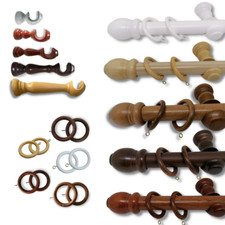 Bastone tenda Legno ∅ 35 mm Camera da Letto Soggiorno Cucina -Accessori inclusi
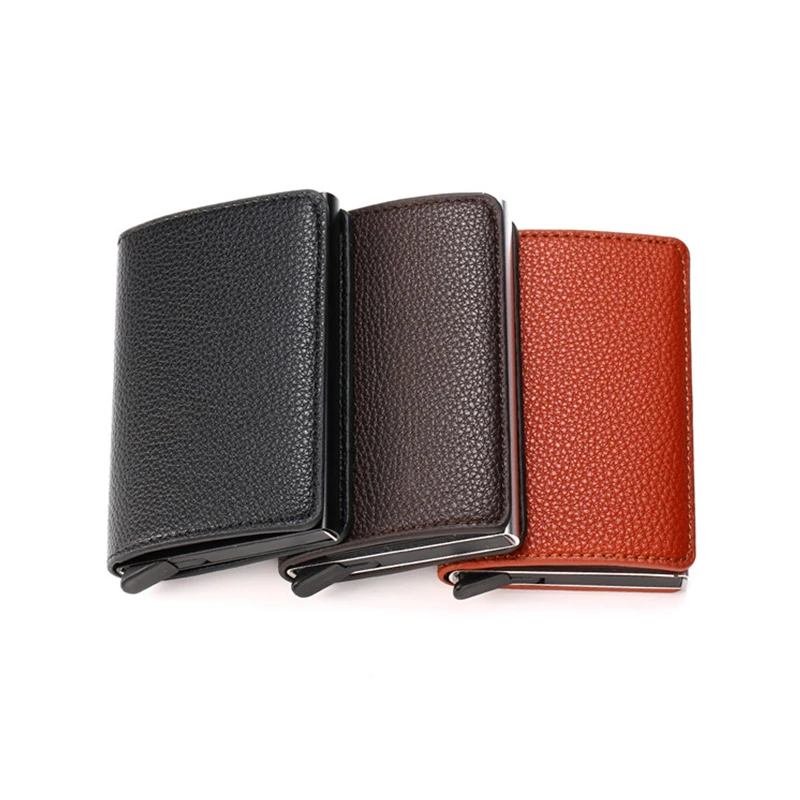 RFID Wallet Litchi Soft Leather Card Case Information Protector Safety Clutch Fashion Pop-Up Holder Aluminum Box | Багаж и сумки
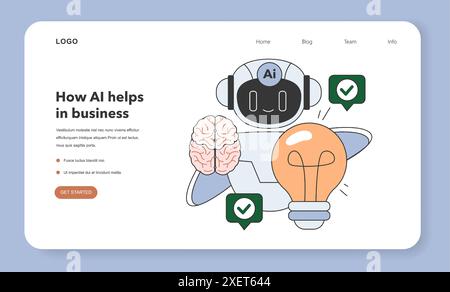 Auswirkungen künstlicher Intelligenz auf Business-Webbanner oder Landing-Page. KI-gestützte Analysen und Prognosen. Selbstlernendes Computersystem, das Big Data verarbeitet. Illustration des flachen Vektors Stock Vektor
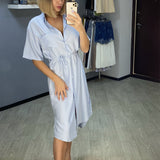 Kukombo New 2022 Women Summer Shirt Dress Single Breasted Oversize Korean Style Vintage Split Lace Up Pure Long Dress DR2628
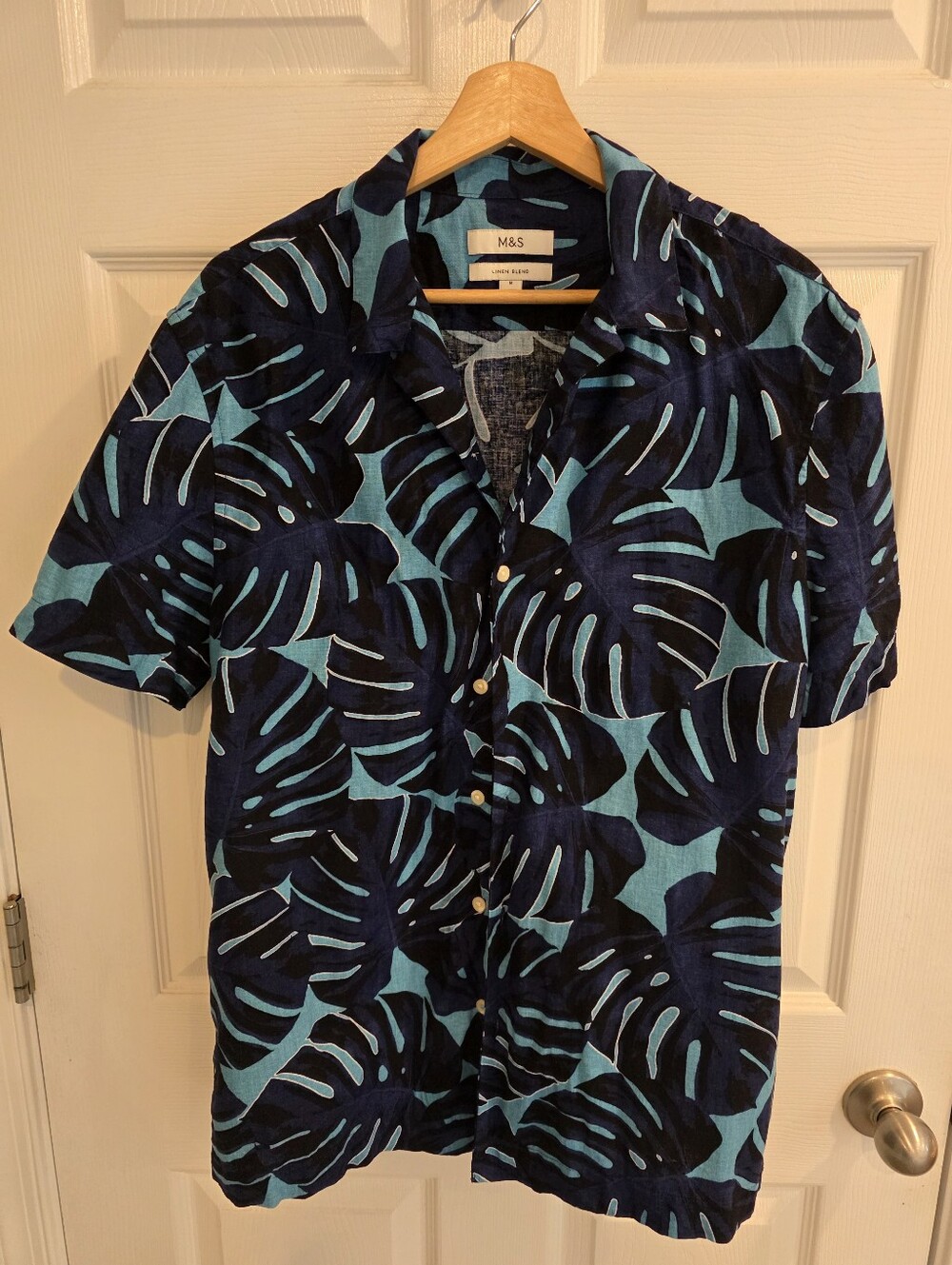 M&S Marks & Spencer Blue Monstera Leaf Linen Blend Shirt M
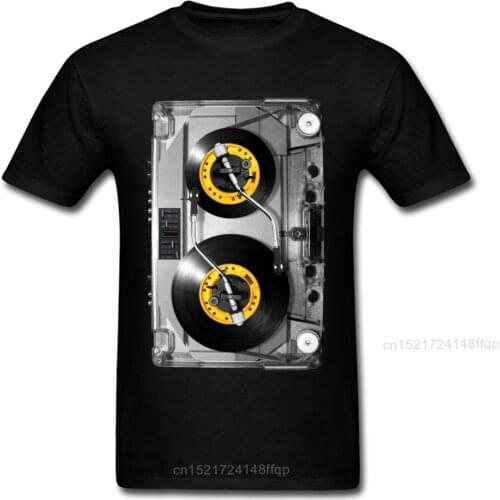 NONSTOP PLAY T Shirt 80s Cassette T-shirt Men 3D Record Tshirt Digital Printed Clothing Rock N Roll Top Hip Hop Tee Cotton Black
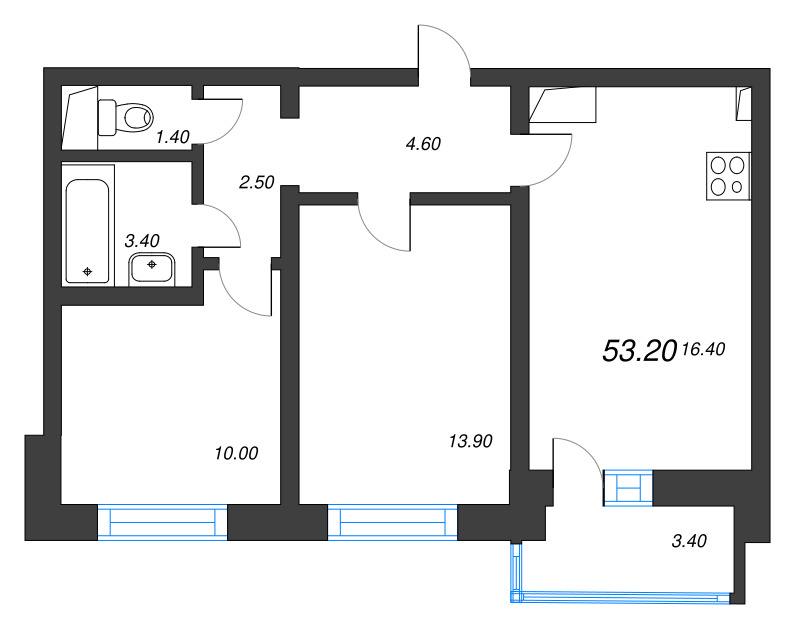 3 ккв (Евро) 53,2 м²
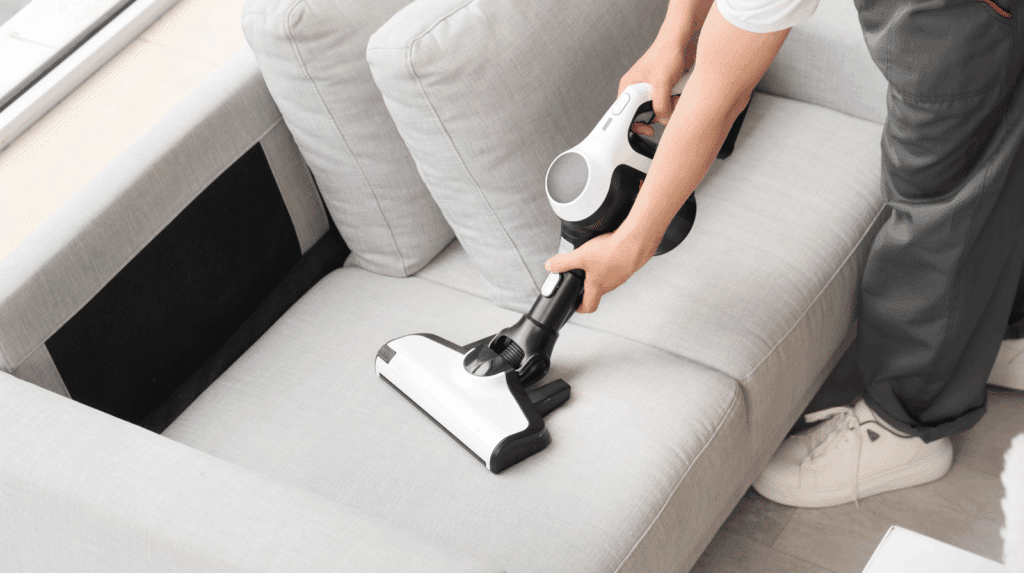 Aspirateur à main compact et léger accompagné de plusieurs accessoires spécialisés pour poils d’animaux, textiles et recoins, illustrant la tendance vers des usages ciblés et des nettoyages rapides et précis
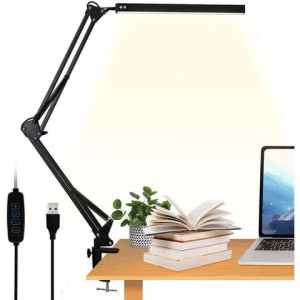 Lampa lampka biurkowa LED Kreślarska USB Alogy z regulowanym długim ramieniem do blatu biurka Czarna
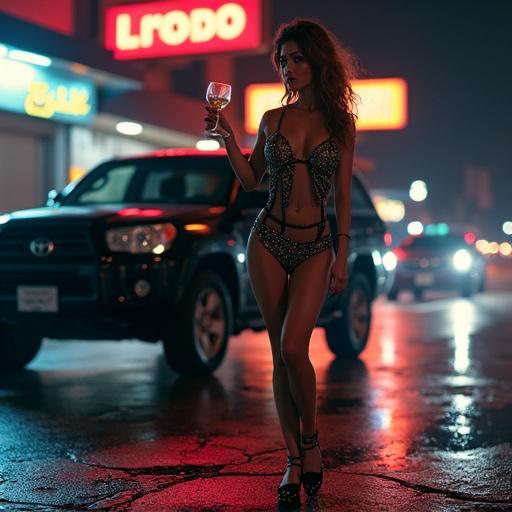 A ladyboy stands on a neon-lit street corner wearing a sequined leotard. The air is humid, and a black SUV is parked behind her. She holds a half-empty champagne glass, trembling fingers gripping a crumpled flyer for a canceled show. The SUV's engine stops, with distant sirens heard. Her pose is dynamic, one leg bent awkwardly. Light refracts in puddles, with reflections creating contrasting colors. The scene is filled with tension between performance and reality.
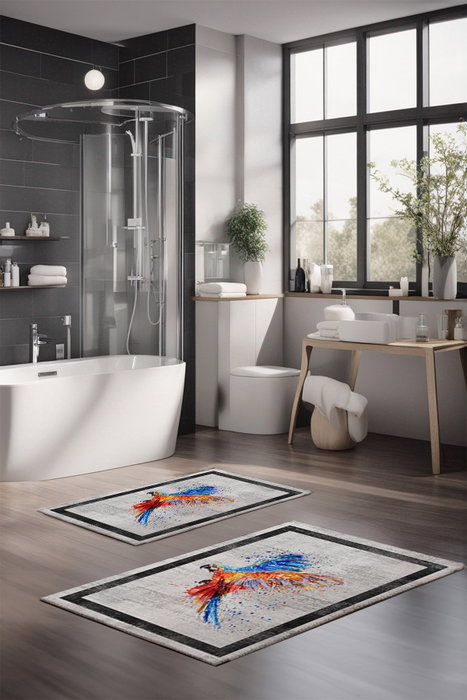Mijölnir Juego de alfombrillas de baño CT-5364, 2 piezas, Multicolor Mijölnir Juego de alfombrillas de baño CT-5364, 2 piezas, Multicolor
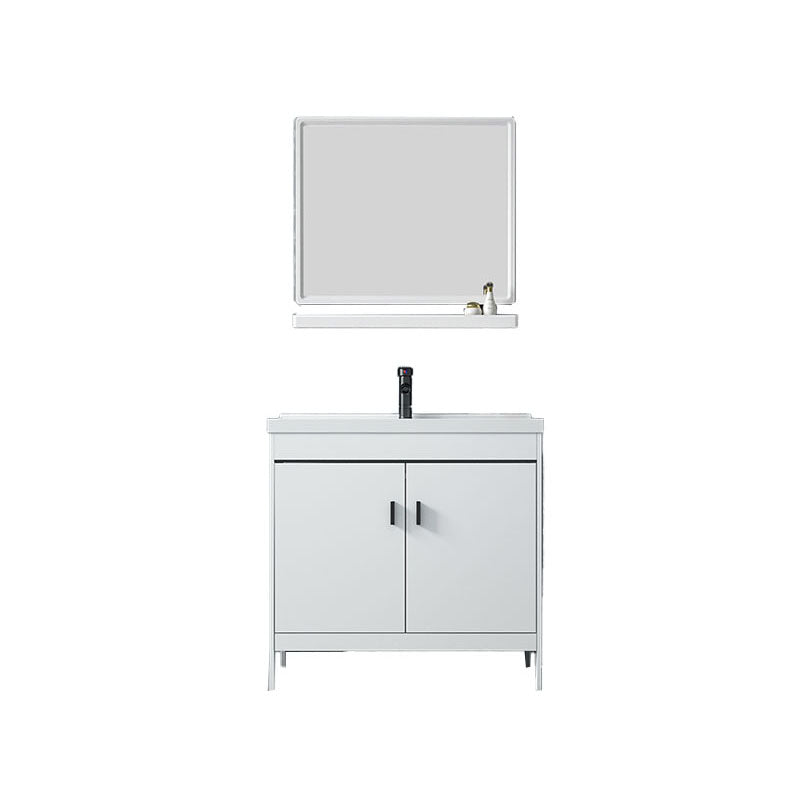 Modern Sink Vanity Free-standing Standard White Vanity Cabinet Vanity & Faucet & Mirrors 31.9"L x 18.9"W x 31.9"H Clearhalo 'Bathroom Remodel & Bathroom Fixtures' 'Bathroom Vanities' 'bathroom_vanities' 'Home Improvement' 'home_improvement' 'home_improvement_bathroom_vanities' 6787171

* * *

_Assignment_
With the pictures removed, the entries above should be transcribed exactly.

_Solution to the problem_
 Bastone tenda Legno ∅ 35 mm Camera da Letto Soggiorno Cucina -Accessori inclusi
 RFID Wallet Litchi Soft Leather Card Case Information Protector Safety Clutch Fashion Pop-Up Holder Aluminum Box | Багаж и сумки
 Auswirkungen künstlicher Intelligenz auf Business-Webbanner oder Landing-Page. KI-gestützte Analysen und Prognosen. Selbstlernendes Computersystem, das Big Data verarbeitet. Illustration des flachen Vektors Stock Vektor
 Kukombo New 2022 Women Summer Shirt Dress Single Breasted Oversize Korean Style Vintage Split Lace Up Pure Long Dress DR2628
 M&S Marks & Spencer Blue Monstera Leaf Linen Blend Shirt M
 NONSTOP PLAY T Shirt 80s Cassette T-shirt Men 3D Record Tshirt Digital Printed Clothing Rock N Roll Top Hip Hop Tee Cotton Black
 3 ккв (Евро) 53,2 м²
 Aspirateur à main compact et léger accompagné de plusieurs accessoires spécialisés pour poils d’animaux, textiles et recoins, illustrant la tendance vers des usages ciblés et des nettoyages rapides et précis
 Lampa lampka biurkowa LED Kreślarska USB Alogy z regulowanym długim ramieniem do blatu biurka Czarna
 A ladyboy stands on a neon-lit street corner wearing a sequined leotard. The air is humid, and a black SUV is parked behind her. She holds a half-empty champagne glass, trembling fingers gripping a crumpled flyer for a canceled show. The SUV's engine stops, with distant sirens heard. Her pose is dynamic, one leg bent awkwardly. Light refracts in puddles, with reflections creating contrasting colors. The scene is filled with tension between performance and reality.
Mijölnir Juego de alfombrillas de baño CT-5364, 2 piezas, Multicolor Mijölnir Juego de alfombrillas de baño CT-5364, 2 piezas, Multicolor
 Modern Sink Vanity Free-standing Standard White Vanity Cabinet Vanity & Faucet & Mirrors 31.9"L x 18.9"W x 31.9"H Clearhalo 'Bathroom Remodel & Bathroom Fixtures' 'Bathroom Vanities' 'bathroom_vanities' 'Home Improvement' 'home_improvement' 'home_improvement_bathroom_vanities' 6787171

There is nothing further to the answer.